Monday, February 11, 2013

Damn you, nonfiction!

This is why I avoid nonfiction:  it makes me feel bad.  Even when it's good, and funny, or moving, or beautifully written, or evocative of far-away places where I really want to be, it just makes me feel, gosh this is embarrassing, JEALOUS.  Lord help me, I know it is deeply immature but I just can't get past it.  I also dislike it when it feels like academic work, but that was my topic last time.  

Two examples (both of I recommend despite the fact that they made me feel bad):

Mindy Kaling may claim that she looked like a dork as a kid - actually she doesn't have to claim it, see the snap on the back of the book, she did - but she looks terrific now as an adult.  And she's super smart, and has awesome friends, and a great job that she works really really hard at and that is obviously wildly fulfilling.  Goddammit, why can't we all have that?   Is Everyone Hanging Out Without Me (And Other Concerns) (Three Rivers Press, 2011) isn't the angst-fest that the title suggests.  Rather, it's basically How Mindy Made It with funny stuff about her views on men and fashion and other stuff and you can learn some cool stuff about comedy writing and that she has really funny friends and that you'd never ever hang out without her.  Plus which, she is apparently the World's Greatest Daughter, and talks to her parents every day.  Every day!  While I could do without how she totally killed it in college (at Dartmouth, no less), I found her chapter on "When You're Not Skinny, This is What People Want You to Wear" to be crie du coeur, a call to arms, a manifesto for the could-lose-20-lbs. set. For the record, I don't think Mindy needs to lose any weight.  Rock on gal.  And also for the record, I do have friends, and I'm not an idiot, and I have a good job.  And I have an awesome husband and kids so suck on that, Mindy.  Then please hire me.

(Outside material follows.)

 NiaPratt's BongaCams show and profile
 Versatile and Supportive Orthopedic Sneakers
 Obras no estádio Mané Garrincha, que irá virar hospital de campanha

Now, Mindy talks of her quirky Indian-American upbringing as a vaguely outsider experience, but Luisa Weiss is in fact way more of an outsider.  And a whole lot more serious too.  The insensitive reader might say jeez, lighten up!  Daughter of an Italian mother and American father living in Berlin, Weiss has to figure out where she fits in after they divorce and Dad moves back to the States, and My Berlin Kitchen (Viking, 2012) is her chronicle of her efforts to find herself and love in the process. It's billed as a "love story" (so that is a red flag right there) "with recipes" because in addition to being totally cosmopolitan, she is also a budding food writer, creator of the popular blog "The Wednesday Chef" (blog titles:  italicized like books?  Just in quotes?) and the story is also that of her evolution from editor to writer.  Our heroine bounces back and forth, here and there between New York and Paris and Berlin with a lot of Italy thrown in, and she works through a couple of serious relationships and jobs but never quite feeling like she's found her place until she realizes that The One (the practically perfect in every way Max) and The City (Berlin) and The Job (writer) have been there all along.  Get it - watcher, controlled observer, on the fringe, moving to the center, letting go, taking a change and finding herself and her voice thanks in part to falling in love?  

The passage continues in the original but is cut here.